One such reform effort involved women’s dress. The conventional dress of the times included about 10 pounds of muslin petticoats, starched shirtwaists and tight corsets that actually squeezed internal organs and bruised ribs, plus long skirts that dragged in the mud as the suffragists went about their grueling speaking circuits.
In the early 1850s, the New Dress for women appeared. Consisting of a short dress over baggy trousers, the outfit was pioneered by Elizabeth Cady Stanton’s cousin, Libby Smith Miller, who designed it to use while gardening. Stanton and her neighbor, Amelia Bloomer, copied the fashion, and Bloomer advocated for the new dress in her newspaper, the Lily, in 1852.
The outfit thus came to be known as the “Bloomer Costume.”
The Lily was primarily a temperance newspaper, but the article about the bloomers drew a huge audience. In fact, the newspaper’s circulation grew from 500 per month to a whopping 4,000 because of the controversy. “I stood amazed at the furor I had unwittingly caused,” Bloomer said. “As soon as it became known that I was wearing the new drew, letters came pouring in upon me by the hundreds from women all over the country, making inquiries about the drew and asking for patterns.”
Stanton loved the new costume. She wrote in her autobiography, “Like a captive set free from his ball and chain, I was always ready for a brisk walk through sleet and snow and rain, to climb a mountain, jump over a fence, work in the garden.”

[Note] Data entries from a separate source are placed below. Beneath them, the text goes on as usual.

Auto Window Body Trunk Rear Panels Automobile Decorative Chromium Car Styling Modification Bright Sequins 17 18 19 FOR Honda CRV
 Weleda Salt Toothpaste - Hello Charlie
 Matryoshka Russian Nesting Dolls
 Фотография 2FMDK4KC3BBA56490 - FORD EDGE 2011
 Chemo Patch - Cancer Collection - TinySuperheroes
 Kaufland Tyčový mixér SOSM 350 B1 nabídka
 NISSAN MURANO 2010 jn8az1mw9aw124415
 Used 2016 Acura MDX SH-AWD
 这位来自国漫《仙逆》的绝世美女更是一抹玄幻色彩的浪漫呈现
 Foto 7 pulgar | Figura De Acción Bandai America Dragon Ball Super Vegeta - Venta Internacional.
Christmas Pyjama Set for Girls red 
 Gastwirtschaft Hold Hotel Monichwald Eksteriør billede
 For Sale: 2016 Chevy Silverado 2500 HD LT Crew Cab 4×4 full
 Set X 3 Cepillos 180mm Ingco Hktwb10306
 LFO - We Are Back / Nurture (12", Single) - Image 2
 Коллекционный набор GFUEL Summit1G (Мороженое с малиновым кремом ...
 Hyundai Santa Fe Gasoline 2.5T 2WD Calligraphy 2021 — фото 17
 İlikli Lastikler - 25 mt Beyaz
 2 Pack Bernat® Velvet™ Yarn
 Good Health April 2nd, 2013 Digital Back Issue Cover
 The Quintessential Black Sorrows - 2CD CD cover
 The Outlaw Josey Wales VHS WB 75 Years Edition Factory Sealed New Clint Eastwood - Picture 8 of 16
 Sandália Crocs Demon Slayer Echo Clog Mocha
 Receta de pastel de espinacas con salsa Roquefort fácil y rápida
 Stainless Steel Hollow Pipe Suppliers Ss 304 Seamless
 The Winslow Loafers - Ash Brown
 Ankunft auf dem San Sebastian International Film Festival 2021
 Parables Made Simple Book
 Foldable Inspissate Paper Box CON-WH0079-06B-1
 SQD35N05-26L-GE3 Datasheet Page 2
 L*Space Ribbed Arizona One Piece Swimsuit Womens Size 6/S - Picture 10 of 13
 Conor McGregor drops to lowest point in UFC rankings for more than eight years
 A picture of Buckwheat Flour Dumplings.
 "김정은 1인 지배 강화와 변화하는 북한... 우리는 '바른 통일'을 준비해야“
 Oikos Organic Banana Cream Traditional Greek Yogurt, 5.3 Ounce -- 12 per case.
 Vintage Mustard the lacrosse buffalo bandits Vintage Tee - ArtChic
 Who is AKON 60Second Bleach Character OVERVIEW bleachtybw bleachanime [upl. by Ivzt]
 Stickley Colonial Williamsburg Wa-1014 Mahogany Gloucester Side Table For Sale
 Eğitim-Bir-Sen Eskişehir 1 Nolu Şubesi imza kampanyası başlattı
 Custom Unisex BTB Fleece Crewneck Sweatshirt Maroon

While the reform-minded women enjoyed their new freedom, their new outfit attracted considerable scorn and ridicule. The suffragists already endured plenty of criticism, but now men and boys stopped to stare at them, whistling and making rude remarks. The resemblance of the pants to blousy Turkish trousers didn’t help, since they were associated with Turkish harems and prostitutes.
Even family members were embarrassed by the bloomers. Stanton’s husband Henry hated seeing his wife in this “short” dress, even though it fell four inches below the knee. He thought that when she and her friends sat on stage at conventions their legs would be exposed, despite the fact that they were also wearing pants.
Men in the audience, said Henry Stanton, could tell “whether their lady friends have round and plump legs, or lean and scrawny ones.”
Elizabeth also got negative reviews from her young son, who was in boarding school. Missing his mother, he implored her to visit him – as long as she left her bloomers at home.
Before long the bloomer costume became a distraction from the message of women’s rights, and by 1854 most women had lengthened their skirts again.
Susan B. Anthony, who was late in adopting this new dress, was also the last to abandon it. She defended the outfit by saying, “Women can never compete successfully with men in various industrial vocations in long skirts.” She was angry at her friends who bowed to criticism, arguing that the “mental crucifixion” they endured because of the bloomers prepared them for the difficult work of freeing women from oppression.
But finally, Anthony acquiesced as well, spending the rest of her life in long dresses of gray or black. In later years she donned a red shawl, donated by suffrage supporters, and the shawl became a badge of sorts for this stubborn suffragist.
Women would have to wait many more decades before their accepted dress became less cumbersome and constricting. But bloomers, for their part, went the way of animal skins and grass skirts.